Big rds file, disconnect

Santos22903 · October 7, 2024, 5:18pm

Hello all,

My app is trying to upload an rds file - playing with one that is hundreds of MB, but some of them are over a GB - and then read it (readRDS) and the app gets disconnected from the server. I commented out almost everything else, so I am pretty sure the rds file upload/reading is where this happens. I increased read and startup timeouts to maximum values (60 and 300), but this did not change anything. Do you have any recommendations how I can get this running?
Maybe it matters, I am using Firefox. Oh, and locally it works fine
Thank you in advance

AlexisW · October 7, 2024, 10:52pm

Is it on shinyapps.io or your own server? It's possible that you're running out of RAM.

Santos22903 · October 8, 2024, 12:18am

It is on shinyapps.io. To incorporate the larger file size, I added: options(shiny.maxRequestSize=3*1024^3). I did not see anything on shinyapps RAM limitation, but did not expect them to be so "low". Should probably search for this.

AlexisW · October 8, 2024, 3:23am

In that case out of memory is a pretty likely cause. Go to the app's Settings, in the "General" tab you have an "instance size" option. For free accounts, the biggest you can have is "Large (1 GB)", with a "Basic" account or higher you can give up to 8 GB.

If your RDS is over a GB on disk, it's probably as much or even more in RAM (RDS should be a bit compressed). So what you're seeing is likely the instance running out of memory when trying to read all that data. In addition, 1 GB is quite a bit of data for an app, it will take a while to load when you open the app and many operations will be slow.

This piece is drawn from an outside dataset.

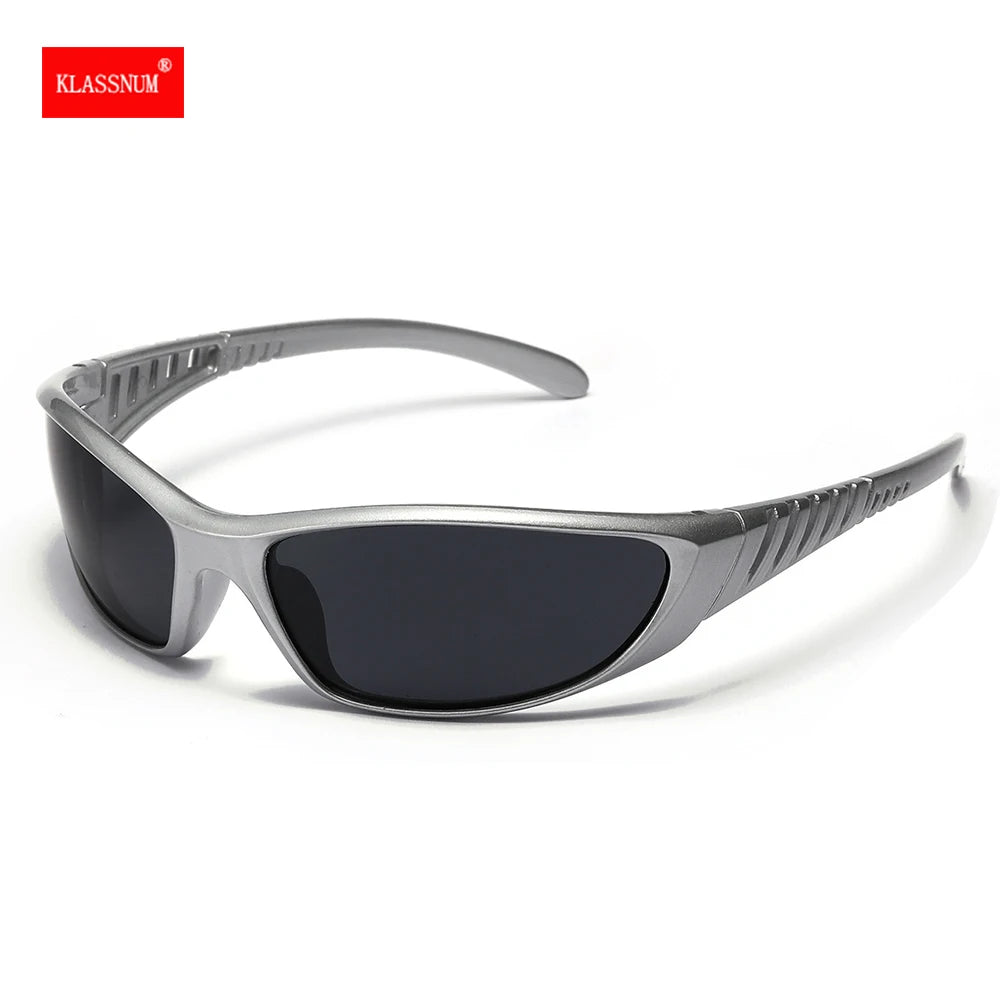 Gafas de sol plateadas Y2K: diseño futurista ahuecado para quienes marcan tendencia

So, is there a way to make the dataset smaller (e.g. precomputing some stuff, only loading aggregates etc)? If not, could you consider using Parquet files or a DuckDB database? That way the whole dataset stays on disk and you can load only what you need when you need it.

Santos22903 · October 8, 2024, 5:41pm

Thank you so much. This seems to be the culprit indeed. I found an old rds file just below 30MB (useless for real running, but as a proof of concept) and indeed it went through, including uncommenting and using some of the other stuff.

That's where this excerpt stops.